You are viewing a plain text version of this content. The canonical link for it is here.
Posted to dev@mesos.apache.org by Charles-François Natali <cf...@gmail.com> on 2019/10/19 11:34:50 UTC

[MESOS-10007] random "Failed to get exit status for Command" for short-lived commands

Hi,

I'm wondering if there's anything I could do to help
https://issues.apache.org/jira/browse/MESOS-10007 move forward?

Basically it's a race condition in libprocess/command executor causing
spurious errors to be reported for short-lived tasks.
I've got a detailed code path of the race and a repro, however I'm not
sure what's the best way to fix it - any suggestion?

Cheers,

Charles

Re: [MESOS-10007] random "Failed to get exit status for Command" for short-lived commands

Posted by Benjamin Mahler <bm...@apache.org>.
Hi Charles, thanks for the thorough ticket and for surfacing it here for
attention, it didn't get spotted amongst the JIRA noise.
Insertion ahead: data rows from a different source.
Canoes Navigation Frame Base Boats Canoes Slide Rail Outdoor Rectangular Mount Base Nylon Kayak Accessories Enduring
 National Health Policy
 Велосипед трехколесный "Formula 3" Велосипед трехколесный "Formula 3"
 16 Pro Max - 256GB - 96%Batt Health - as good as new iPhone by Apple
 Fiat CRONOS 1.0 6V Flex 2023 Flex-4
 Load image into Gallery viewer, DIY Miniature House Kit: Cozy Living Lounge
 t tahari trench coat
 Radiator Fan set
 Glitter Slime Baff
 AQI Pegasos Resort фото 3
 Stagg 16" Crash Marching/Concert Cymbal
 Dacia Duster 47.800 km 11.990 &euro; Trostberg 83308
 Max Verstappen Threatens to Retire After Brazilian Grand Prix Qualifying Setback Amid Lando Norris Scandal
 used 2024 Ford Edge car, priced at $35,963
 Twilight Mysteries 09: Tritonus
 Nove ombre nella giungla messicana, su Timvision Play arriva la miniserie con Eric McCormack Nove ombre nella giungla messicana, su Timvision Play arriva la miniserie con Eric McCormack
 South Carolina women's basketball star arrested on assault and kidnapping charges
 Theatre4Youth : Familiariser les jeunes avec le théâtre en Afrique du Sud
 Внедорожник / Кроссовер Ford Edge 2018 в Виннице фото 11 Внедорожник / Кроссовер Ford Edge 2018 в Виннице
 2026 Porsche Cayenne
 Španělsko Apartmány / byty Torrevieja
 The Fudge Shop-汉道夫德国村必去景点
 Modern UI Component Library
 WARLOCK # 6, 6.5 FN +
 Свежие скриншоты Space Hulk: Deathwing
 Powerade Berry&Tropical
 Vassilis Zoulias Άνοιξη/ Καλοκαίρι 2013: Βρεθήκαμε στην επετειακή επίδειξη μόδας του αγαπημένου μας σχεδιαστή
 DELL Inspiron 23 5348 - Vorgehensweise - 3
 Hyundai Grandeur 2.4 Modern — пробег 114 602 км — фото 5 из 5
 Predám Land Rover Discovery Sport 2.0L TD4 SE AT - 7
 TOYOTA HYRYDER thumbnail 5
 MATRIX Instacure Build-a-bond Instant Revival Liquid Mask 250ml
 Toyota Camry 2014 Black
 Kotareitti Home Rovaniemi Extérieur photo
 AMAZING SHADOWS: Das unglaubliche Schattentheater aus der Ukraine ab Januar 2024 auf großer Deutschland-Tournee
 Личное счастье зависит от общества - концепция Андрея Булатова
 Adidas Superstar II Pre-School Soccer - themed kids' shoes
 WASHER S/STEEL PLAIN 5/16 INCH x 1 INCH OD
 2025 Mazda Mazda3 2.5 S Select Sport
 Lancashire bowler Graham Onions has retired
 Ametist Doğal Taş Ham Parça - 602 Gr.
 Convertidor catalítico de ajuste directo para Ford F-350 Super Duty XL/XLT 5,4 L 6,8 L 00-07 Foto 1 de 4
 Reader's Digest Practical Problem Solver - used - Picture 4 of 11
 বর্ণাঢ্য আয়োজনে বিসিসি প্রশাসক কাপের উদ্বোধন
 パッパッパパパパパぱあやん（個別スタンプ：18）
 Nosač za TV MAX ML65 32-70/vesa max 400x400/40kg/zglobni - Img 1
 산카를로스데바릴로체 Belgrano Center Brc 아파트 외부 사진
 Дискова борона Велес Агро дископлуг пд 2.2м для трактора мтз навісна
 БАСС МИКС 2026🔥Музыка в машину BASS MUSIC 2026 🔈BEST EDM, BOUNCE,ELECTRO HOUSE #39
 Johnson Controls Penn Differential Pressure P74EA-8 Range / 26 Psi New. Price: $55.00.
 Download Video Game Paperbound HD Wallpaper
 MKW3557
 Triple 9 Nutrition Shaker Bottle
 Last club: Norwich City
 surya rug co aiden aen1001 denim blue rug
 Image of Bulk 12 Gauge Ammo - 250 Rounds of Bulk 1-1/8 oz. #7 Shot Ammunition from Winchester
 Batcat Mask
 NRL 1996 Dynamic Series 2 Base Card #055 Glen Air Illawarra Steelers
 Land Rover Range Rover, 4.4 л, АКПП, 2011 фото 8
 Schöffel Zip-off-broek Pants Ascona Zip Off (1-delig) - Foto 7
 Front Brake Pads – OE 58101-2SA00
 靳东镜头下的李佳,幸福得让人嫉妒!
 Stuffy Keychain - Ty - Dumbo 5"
I replied on the ticket with a patch that should fix the issue, we can
discuss further in the ticket.

Ben

On Sat, Oct 19, 2019 at 7:35 AM Charles-François Natali <cf...@gmail.com>
wrote:

> Hi,
>
> I'm wondering if there's anything I could do to help
> https://issues.apache.org/jira/browse/MESOS-10007 move forward?
>
> Basically it's a race condition in libprocess/command executor causing
> spurious errors to be reported for short-lived tasks.
> I've got a detailed code path of the race and a repro, however I'm not
> sure what's the best way to fix it - any suggestion?
>
> Cheers,
>
> Charles
>